Input for this task>
—————

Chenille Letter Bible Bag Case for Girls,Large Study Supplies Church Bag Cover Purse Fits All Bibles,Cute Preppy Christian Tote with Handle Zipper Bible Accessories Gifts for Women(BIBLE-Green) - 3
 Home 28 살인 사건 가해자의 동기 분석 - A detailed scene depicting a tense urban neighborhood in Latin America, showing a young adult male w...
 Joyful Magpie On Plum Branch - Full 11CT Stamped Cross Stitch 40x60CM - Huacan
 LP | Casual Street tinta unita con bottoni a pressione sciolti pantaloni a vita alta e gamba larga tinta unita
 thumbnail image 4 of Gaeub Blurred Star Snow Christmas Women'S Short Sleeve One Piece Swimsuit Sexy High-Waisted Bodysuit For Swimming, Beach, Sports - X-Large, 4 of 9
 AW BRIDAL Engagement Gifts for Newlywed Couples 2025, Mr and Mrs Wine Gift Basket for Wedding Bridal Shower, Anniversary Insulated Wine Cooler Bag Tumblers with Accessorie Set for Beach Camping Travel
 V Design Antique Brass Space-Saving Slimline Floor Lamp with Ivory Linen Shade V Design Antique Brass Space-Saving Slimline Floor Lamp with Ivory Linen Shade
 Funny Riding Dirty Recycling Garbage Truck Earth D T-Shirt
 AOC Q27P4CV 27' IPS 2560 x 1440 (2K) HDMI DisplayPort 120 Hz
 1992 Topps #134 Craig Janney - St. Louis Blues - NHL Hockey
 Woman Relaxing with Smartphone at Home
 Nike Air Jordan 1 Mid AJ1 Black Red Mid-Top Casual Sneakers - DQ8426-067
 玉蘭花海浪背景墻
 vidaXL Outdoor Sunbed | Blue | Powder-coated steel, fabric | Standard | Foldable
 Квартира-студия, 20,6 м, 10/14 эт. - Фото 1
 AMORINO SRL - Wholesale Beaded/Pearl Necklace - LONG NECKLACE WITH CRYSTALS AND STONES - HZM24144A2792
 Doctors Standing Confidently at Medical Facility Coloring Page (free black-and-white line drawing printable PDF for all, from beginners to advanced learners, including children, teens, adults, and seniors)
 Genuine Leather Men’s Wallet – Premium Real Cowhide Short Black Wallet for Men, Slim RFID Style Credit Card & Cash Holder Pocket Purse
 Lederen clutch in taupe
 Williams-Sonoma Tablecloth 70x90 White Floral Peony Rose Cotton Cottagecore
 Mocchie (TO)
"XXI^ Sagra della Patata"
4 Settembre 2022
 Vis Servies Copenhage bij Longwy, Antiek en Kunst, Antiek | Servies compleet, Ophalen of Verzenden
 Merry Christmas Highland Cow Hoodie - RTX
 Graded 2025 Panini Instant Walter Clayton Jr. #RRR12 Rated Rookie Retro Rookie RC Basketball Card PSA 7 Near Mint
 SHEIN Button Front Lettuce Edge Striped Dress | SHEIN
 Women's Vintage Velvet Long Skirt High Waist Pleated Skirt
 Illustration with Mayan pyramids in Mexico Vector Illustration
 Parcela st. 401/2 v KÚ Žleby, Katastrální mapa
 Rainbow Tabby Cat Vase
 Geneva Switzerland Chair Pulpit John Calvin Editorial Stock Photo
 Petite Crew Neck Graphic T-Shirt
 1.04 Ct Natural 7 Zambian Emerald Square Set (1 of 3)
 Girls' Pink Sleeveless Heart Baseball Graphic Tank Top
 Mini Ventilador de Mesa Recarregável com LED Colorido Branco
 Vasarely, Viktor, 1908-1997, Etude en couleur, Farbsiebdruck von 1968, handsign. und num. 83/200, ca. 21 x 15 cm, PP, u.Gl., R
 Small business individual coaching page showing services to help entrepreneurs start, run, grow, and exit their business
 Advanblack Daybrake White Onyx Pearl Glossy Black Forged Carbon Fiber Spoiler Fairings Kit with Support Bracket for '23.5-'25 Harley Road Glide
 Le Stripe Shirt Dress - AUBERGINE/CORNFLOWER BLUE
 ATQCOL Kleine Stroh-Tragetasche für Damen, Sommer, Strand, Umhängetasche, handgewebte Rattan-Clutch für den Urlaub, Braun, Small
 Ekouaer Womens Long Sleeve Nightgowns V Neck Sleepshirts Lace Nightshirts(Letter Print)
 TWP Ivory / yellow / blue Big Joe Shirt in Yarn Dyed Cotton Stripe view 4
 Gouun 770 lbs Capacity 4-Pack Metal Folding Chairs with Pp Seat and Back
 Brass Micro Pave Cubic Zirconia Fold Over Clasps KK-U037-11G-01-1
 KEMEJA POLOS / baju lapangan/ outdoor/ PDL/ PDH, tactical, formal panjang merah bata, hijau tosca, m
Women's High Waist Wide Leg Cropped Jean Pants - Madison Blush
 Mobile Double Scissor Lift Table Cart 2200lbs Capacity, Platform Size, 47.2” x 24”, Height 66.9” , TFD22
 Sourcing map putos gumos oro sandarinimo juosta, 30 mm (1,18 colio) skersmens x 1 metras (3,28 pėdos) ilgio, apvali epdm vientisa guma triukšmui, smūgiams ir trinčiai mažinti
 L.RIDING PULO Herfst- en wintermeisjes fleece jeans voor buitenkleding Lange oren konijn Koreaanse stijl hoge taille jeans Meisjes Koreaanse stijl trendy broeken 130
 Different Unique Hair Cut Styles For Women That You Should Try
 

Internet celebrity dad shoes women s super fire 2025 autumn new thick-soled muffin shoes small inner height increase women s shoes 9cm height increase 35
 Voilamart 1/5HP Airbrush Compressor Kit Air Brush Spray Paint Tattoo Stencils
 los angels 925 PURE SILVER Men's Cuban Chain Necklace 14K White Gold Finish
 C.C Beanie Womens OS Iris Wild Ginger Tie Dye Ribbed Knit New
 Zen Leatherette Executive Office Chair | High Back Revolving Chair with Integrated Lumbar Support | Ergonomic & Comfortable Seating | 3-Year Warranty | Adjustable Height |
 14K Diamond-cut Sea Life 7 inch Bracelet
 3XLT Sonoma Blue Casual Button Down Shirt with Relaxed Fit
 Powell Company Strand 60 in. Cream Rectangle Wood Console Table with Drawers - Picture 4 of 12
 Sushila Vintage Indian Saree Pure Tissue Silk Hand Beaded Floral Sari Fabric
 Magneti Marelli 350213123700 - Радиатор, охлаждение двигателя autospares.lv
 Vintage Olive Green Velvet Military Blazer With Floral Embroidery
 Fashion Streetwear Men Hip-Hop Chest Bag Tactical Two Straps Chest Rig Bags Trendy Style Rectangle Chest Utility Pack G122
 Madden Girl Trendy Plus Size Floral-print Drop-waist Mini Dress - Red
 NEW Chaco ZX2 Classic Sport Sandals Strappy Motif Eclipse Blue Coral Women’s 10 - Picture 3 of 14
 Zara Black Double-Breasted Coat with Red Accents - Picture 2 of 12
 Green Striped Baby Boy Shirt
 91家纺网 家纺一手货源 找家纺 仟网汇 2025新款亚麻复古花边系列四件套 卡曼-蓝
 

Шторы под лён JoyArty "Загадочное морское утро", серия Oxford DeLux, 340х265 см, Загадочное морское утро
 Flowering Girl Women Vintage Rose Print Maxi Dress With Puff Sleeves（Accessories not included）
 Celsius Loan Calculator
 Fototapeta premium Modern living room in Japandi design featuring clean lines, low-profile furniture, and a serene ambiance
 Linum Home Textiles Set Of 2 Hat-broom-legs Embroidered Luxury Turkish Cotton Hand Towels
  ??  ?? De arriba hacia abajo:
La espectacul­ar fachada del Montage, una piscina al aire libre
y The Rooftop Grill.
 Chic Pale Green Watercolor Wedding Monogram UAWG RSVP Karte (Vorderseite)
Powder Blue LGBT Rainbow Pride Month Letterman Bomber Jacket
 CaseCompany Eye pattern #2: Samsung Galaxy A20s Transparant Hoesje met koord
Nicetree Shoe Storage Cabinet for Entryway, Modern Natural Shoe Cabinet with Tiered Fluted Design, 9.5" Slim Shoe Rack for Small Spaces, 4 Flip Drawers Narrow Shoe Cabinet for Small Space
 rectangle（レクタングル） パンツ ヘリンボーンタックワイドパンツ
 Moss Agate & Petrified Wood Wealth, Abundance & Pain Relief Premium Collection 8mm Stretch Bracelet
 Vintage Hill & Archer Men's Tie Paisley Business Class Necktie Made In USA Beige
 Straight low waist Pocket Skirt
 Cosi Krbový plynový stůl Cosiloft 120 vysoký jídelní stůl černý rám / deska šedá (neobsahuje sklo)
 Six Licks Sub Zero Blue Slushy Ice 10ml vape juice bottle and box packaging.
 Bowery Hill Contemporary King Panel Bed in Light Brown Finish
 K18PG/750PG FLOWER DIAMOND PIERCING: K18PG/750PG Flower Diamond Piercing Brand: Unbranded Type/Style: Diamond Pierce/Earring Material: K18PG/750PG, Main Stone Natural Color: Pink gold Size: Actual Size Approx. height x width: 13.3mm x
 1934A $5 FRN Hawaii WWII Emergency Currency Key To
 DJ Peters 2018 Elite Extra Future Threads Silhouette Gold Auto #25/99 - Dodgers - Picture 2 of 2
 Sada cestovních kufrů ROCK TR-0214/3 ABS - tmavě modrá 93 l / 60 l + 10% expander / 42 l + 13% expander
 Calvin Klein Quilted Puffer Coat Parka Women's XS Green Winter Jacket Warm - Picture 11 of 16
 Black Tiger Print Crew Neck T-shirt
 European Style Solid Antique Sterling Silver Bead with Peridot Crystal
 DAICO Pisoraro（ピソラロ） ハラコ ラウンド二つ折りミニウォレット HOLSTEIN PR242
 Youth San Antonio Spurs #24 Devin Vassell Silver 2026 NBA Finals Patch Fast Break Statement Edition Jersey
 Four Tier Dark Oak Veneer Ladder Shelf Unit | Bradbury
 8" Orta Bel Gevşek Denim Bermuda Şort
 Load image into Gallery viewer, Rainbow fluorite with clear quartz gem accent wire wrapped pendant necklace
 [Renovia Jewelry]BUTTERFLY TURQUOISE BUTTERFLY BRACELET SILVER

—————

Exercise description> Taking the listing above as the source, transcribe only the lines starting at the line with "KEMEJA POLOS /" and going through the line with "Different Unique Hair", unaltered and with both ends included.

Result below>
 KEMEJA POLOS / baju lapangan/ outdoor/ PDL/ PDH, tactical, formal panjang merah bata, hijau tosca, m
Women's High Waist Wide Leg Cropped Jean Pants - Madison Blush
 Mobile Double Scissor Lift Table Cart 2200lbs Capacity, Platform Size, 47.2” x 24”, Height 66.9” , TFD22
 Sourcing map putos gumos oro sandarinimo juosta, 30 mm (1,18 colio) skersmens x 1 metras (3,28 pėdos) ilgio, apvali epdm vientisa guma triukšmui, smūgiams ir trinčiai mažinti
 L.RIDING PULO Herfst- en wintermeisjes fleece jeans voor buitenkleding Lange oren konijn Koreaanse stijl hoge taille jeans Meisjes Koreaanse stijl trendy broeken 130
 Different Unique Hair Cut Styles For Women That You Should Try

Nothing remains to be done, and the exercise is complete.